- **What to work on**: Reproduce the opening lines of the records exactly, please, stopping after the line that contains "2 Garden Elements".

- **Given records**:

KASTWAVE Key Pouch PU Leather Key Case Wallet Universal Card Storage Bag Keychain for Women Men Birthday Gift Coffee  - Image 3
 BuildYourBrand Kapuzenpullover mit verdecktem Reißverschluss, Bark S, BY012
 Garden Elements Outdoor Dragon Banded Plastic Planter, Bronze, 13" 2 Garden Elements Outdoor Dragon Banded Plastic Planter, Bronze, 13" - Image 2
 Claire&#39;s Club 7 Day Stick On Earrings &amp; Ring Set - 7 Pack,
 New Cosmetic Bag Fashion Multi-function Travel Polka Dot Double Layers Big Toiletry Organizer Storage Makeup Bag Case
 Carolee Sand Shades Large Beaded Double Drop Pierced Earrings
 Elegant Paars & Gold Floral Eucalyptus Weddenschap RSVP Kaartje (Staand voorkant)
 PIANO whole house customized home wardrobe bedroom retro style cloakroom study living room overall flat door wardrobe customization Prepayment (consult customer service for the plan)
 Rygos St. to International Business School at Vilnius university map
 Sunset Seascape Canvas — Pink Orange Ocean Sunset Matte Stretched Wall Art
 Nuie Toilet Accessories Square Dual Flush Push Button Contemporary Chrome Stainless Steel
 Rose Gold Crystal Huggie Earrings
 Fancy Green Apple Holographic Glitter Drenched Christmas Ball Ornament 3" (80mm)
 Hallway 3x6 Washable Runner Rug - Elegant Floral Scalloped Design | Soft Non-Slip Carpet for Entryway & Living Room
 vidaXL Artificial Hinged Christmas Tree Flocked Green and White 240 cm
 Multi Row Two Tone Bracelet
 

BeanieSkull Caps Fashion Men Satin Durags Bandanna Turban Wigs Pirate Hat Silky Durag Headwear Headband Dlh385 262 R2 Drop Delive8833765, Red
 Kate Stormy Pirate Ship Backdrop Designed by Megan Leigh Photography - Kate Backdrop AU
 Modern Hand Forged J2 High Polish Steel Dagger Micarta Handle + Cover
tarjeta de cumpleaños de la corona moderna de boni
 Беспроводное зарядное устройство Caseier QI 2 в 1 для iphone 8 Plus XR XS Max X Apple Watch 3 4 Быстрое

- **Output for this task**:
KASTWAVE Key Pouch PU Leather Key Case Wallet Universal Card Storage Bag Keychain for Women Men Birthday Gift Coffee  - Image 3
 BuildYourBrand Kapuzenpullover mit verdecktem Reißverschluss, Bark S, BY012
 Garden Elements Outdoor Dragon Banded Plastic Planter, Bronze, 13" 2 Garden Elements Outdoor Dragon Banded Plastic Planter, Bronze, 13" - Image 2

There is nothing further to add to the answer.